Meanwhile over here I'm 30 rides for $35. Nothing to see over here Karen.😅


----------



## wallae (Jun 11, 2018)

Daisey77 said:


> Meanwhile over here I'm 30 rides for $35. Nothing to see over here Karen.&#128517;


I think mine went down to next to nothing
If there's no surge to put on top of that I won't work it's that simple


----------



## Trafficat (Dec 19, 2016)

That's an impressive quest. I have got two notices for "fraud" after completing quests so I'm afraid permanent deactivation awaits me if I complete another quest. An $800 quest would be tempting for me to try though.



Daisey77 said:


> Meanwhile over here I'm 30 rides for $35. Nothing to see over here Karen.&#128517;


I was accused of fraud for doing some lame quest like $25 for 40 rides. I told support they should be ashamed to even call that an incentive, let alone something I'd commit fraud for.


----------



## TomTheAnt (Jan 1, 2019)

Haven't seen shit from Uber in probably years pretty soon. Not sure why, but oh well. Lyft sent first one in a while for this week ($245 guarantee for 25 rides) and I still ain't biting. :thumbdown: Gotta wait at least until my one-year hiatus anniversary in March.


----------



## Cvillegordo (Oct 30, 2019)

For the past few days $3-$5 extra per ride here in the evening/ nights. First extra anything in months. The sneaky catch is that the promotion applies only to our small downtown area, which is a ghost town after 9:30 when everything is closing. You're lucky to get 2 or 3 with promotion added, most business is further out.


----------



## IRME4EVER (Feb 17, 2020)

Daisey77 said:


> Meanwhile over here I'm 30 rides for $35. Nothing to see over here Karen.&#128517;


 Here in Arizona Uber doesn't offer that much for X amount of trips.

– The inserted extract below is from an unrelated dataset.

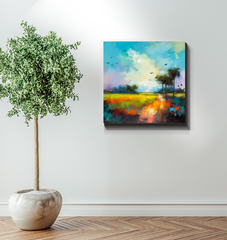 Coastal Horizon Canvas Art Print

Lucky if they offer 150.00 for 70 trips. 
I can almost guarantee that you'll do 69 trips, then drive around or sit still you will not get your 70th trip. Been there done that!!
Got all but my last trip to qualify for my bonus. Most of the trips were super short, anywhere from 2.37 to 6.00 BS. I was hoping to get my 70th trip for the bonus, never happened!! I stayed online for 15 hours, not 1 ping!! I was all over the map. 
The trips I accepted didn't make 125.00. THANK YOU UBER FOR SCREWING ME OVER!! CON ARTISTS 210%! 
Well, now they offer 4 options. Which is BS!! You do 30 trips for 10.00. 
Guess Uber thinks their drivers are STUPID!!


----------



## Clothahump (Mar 31, 2018)

Current quest in Houston is a $10 bonus for completing 40 trips between now and Friday. Problem with this is that Uber is pinging for short rides 10+ minutes away. Ain't happening.


----------



## Atom guy (Jul 27, 2016)

That's great stuff. My Quest bonus this week is $115 for 70 trips. And last week it was $0.


----------



## FLKeys (Dec 27, 2018)

I have done Uber for over 2.5 years, I get the same promotion(s) every single week.


----------



## teh744 (Apr 14, 2018)

That was the case last summer(where I was) after Labor Day, that was it. Surge was $10-15 a ride.


----------



## Delilah5 (Mar 20, 2017)

FLKeys said:


> I have done Uber for over 2.5 years, I get the same promotion(s) every single week.
> 
> View attachment 552335


I know someone like that too, its because he moonlight too much for Lyft and Grub hub,\
\
They send the Quest for drivers who like to drive more hours per week


----------



## Joe Saltucci (Oct 6, 2020)

I'm questing up a storm here in my market....although none of them are as good as the O.P's, although even if they were....I could never do 90 trips in 4 days. Finished a 20 tripper for $85 last week, and am now in the middle of a 30 rides for $100 quest. That should be pretty easy.


----------



## Disgusted Driver (Jan 9, 2015)

It really depends on the market. Here in Raleigh it's very difficult to do more than 2.5 rides per hour over the long haul. Sure, you might do 4 quick ones at bar close but Sunday afternoon will be nonstop but rides take longer. In my market you might see $135 to $150 for 60 rides. You have to layer it with streaks and surge to make it work.


----------



## wallae (Jun 11, 2018)

Disgusted Driver said:


> It really depends on the market. Here in Raleigh it's very difficult to do more than 2.5 rides per hour over the long haul. Sure, you might do 4 quick ones at bar close but Sunday afternoon will be nonstop but rides take longer. In my market you might see $135 to $150 for 60 rides. You have to layer it with streaks and surge to make it work.


Do you get 1.20 a mile ?


----------



## Disgusted Driver (Jan 9, 2015)

wallae said:


> Do you get 1.20 a mile ?


Not even close, roughly .60 for x, 90 cents for xl. I try to drive like you, only hit it when it's hot. My goal which i usually come close to our exceed is $30 an hour gross.


----------



## SHalester (Aug 25, 2019)

FLKeys said:


> I have done Uber for over 2.5 years, I get the same promotion(s) every single week.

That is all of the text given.